きっかけは、横浜市保健所の収去検査で、トマトに0.08ppmのジコホールが検出されたことです。残留値は基準以下でしたが、神奈川県は、農薬取締法の使用基準違反の疑いで、JA神奈川県中央会に連絡して、調査を依頼しました。その結果、出荷元のJAさがみ湘南トマト茅ヶ崎出荷組合の1農家が、4月19日に、ケルセンを使用したことが判明しました。県は、調査の結果、当該農家に悪質性が認められないとして、農薬取締法に基づく告発は見送る方針です。

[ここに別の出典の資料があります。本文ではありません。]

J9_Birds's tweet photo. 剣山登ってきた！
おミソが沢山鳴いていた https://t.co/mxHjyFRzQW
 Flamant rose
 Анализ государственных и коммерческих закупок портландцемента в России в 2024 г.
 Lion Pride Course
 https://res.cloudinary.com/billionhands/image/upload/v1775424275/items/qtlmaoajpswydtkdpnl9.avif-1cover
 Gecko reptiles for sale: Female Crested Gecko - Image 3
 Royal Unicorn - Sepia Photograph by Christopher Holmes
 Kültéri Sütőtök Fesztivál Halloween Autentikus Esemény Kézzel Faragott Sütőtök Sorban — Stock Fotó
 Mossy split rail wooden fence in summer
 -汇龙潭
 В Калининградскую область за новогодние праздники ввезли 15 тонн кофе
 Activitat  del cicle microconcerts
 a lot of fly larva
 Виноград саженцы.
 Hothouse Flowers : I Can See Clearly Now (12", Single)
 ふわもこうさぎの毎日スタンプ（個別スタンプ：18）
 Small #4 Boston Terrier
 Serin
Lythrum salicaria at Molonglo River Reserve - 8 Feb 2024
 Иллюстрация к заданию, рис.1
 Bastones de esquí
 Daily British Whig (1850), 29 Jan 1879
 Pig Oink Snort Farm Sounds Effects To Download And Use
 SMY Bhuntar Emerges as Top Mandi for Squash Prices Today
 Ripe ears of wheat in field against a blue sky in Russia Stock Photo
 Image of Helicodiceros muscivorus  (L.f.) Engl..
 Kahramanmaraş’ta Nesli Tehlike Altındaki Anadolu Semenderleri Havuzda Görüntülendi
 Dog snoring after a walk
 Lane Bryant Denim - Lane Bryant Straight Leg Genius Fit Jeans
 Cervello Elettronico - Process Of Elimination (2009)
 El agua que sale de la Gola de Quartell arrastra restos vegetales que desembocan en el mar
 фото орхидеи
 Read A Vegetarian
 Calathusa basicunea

この農薬は、04年3月にメーカーのダウ・ケミカル日本らから製造中止届がだされ、自主回収が行われました。当時、私たちは、農水省に対して、行政責任で同剤を回収するよう求めましたが、メーカーが実施しているから行政はやらないとのことでした。また、05年に化審法で、「第一種特定化学物質」に指定された際にも、販売禁止農薬にすべきだとの要望を送りましたが、これも拒否され、結局、今年の4月まで実現しなかった経緯があります。このような行政姿勢が違法使用につながったと思います。
私たちは、メーカーの自主回収に応じず、ケルセンを保管し続け、なおかつ、有効期限を過ぎた農薬を使用した生産者がいたことを重くみて、農水省に対して、メーカーや販売業者に回収を指示するよう申し入れました。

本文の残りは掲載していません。